This article was last updated on March 24
When you sell a capital asset like a stock or a home you own, the difference between the amount you sell it for and what you paid for it (cost basis) is classified as a capital gain or a capital loss. Capital gains and losses are further classified as long-term or short-term, depending on how long you held the investment before you sold it. If you have held the asset more than one year, your capital gain or loss is classified as long-term. If you held the asset for one year or less, your capital gain or loss is considered short-term. Based on the duration of asset ownership and the tax filers personal tax rate, you can calculate their capital gains tax rate.
|Seller Personal Tax Rate||10%||15%||25%||28%||33%||35%||39.6%|
|Short Term CGT Rate||10%||15%||25%||28%||33%||35%||39.6%|
|Long Term CGT Rate||0%||0%||15%||15%||15%||15%||20%|
Short-term capital gains are taxed like ordinary income at tax rates. For example if Julia bought shares in Apple (AAPL) in February and sold them in November of the same year, her gain or loss on the investment will be classified as short-term.
Long-term capital gains (assets held for more than one year) are taxed at 0% for taxpayers in the 10% and 15% tax brackets and 15% for taxpayers in the 25%, 28%, 33%, and 35% tax brackets. And under the latest tax legislation the long term capital gains rate for those in the 39.6% tax bracket rose to 20%. The 0% tax rates for those in the 10% and 15% federal income tax brackets was a special provision in the bush-era tax cuts which were extended to the current year.
If your capital losses are more than your capital gains, you can claim a capital loss deduction in your tax filing. Your allowable deduction is $3,000 ($1,500 if you are married and filing separately) and can be claimed against your ordinary income. There are various exceptions and special provisions when it comes to the treatment of capital gains or losses and you should consult IRS Publications 17 and 550 for more details. Some highlights are provided below.

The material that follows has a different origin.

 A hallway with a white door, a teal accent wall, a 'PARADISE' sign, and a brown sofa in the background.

Almost everything you own and use for personal or investment purposes is a capital asset. Examples are your home, investment properties, stocks, options or bonds held in your personal account. When you sell a capital asset, the difference between the amount you sell it for and your (cost) basis, which is usually what you paid for it, is a capital gain or a capital loss. Capital gains are offset again capital losses, so your net capital gain/loss is the key figure to use in your tax planning.
- If your capital losses are more than your capital gains, you can claim a capital loss deduction. Your allowable deduction is $3,000 ($1,500 if you are married and filing separately). You can use your total net loss to reduce your ordinary taxable income up to the $3,000 limit. So make sure at the end of year, to sell some “losses” up to $3,000. You can always buy back the stocks after 30 days (to avoid the wash rule discussed below), and thereby reduce your overall cost basis.

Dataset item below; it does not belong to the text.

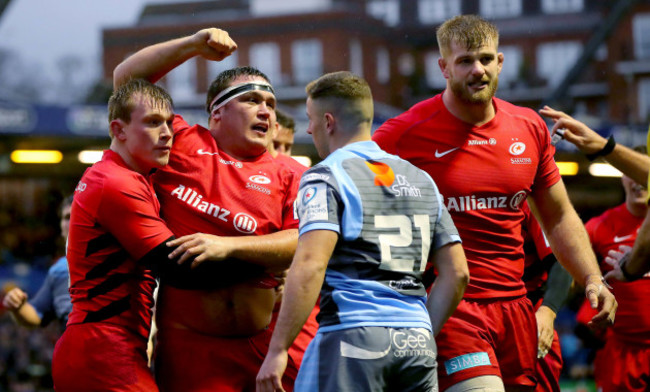 Jamie George celebrates scoring a try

- Dividends paid out of the earnings and profits of a corporation – are generally ordinary income to you. This means they are not capital gains, and so do not qualify for the lower tax capital gain rates.

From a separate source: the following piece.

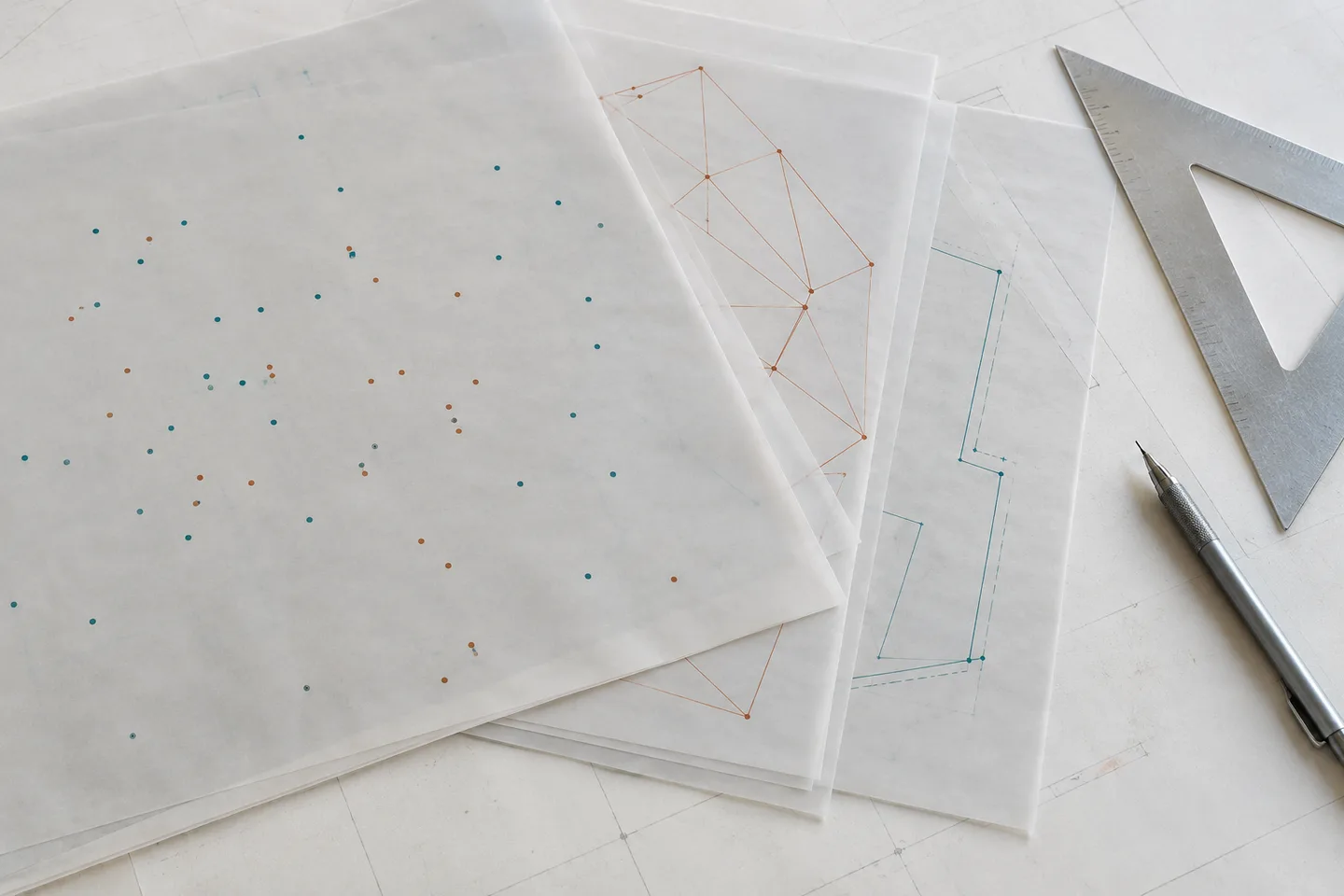 Generated scene: translucent drafting films carrying separate point marks and linework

- Capital gain distributions (also called capital gain dividends) paid to you by mutual funds (or other regulated investment companies) and real estate investment trusts (REITs) are also subject to the above tax rules. Report capital gain distributions as long-term capital gain regardless of how long you have held the investment.
- Beware the Wash Sale rule. You (or your spouse) cannot deduct losses from sales or trades of stock or securities in a wash sale. A wash sale occurs when you sell or trade stocks or securities at a loss and within 30 days before or after the sale you:
– Buy substantially identical stock or securities
– Acquire substantially identical stocks and securities
– Acquire a contract or option to buy substantially identical stock or securities.
- Gain or loss from the sale or trade of an option to buy or sell a capital asset are treated as capital gain or loss.
- Capital loss carryover. If you have a total net loss that is more than the yearly limit on capital loss deductions, you can carry over the unused part to the next year and treat it as if you had incurred it in the subsequent year. If part of the loss is still unused, you can carry it over to later years until it is completely exhausted. When you carry over a loss, it remains long term or short term (use this first). A long-term capital loss you carry over to the next tax year will reduce that year’s long-term capital gains before it reduces that year’s short-term capital gains
- If your long-term capital gains take you into a higher tax bracket, only the gains above that threshold will be taxed at the higher rate. In other words, if your long-term capital gains bring your taxable income $1 over the level for the 25%-35% bracket, only $1 will be taxed at 15%, and the rest of your long-term capital gains will be taxed at 0%.
- Second, for single taxpayers who make more than $200,000 per year and married taxpayers who file jointly and earn more than $250,000, there is an additional 3.8% tax on investment income, including capital gains, above a certain level because of the net investment income tax.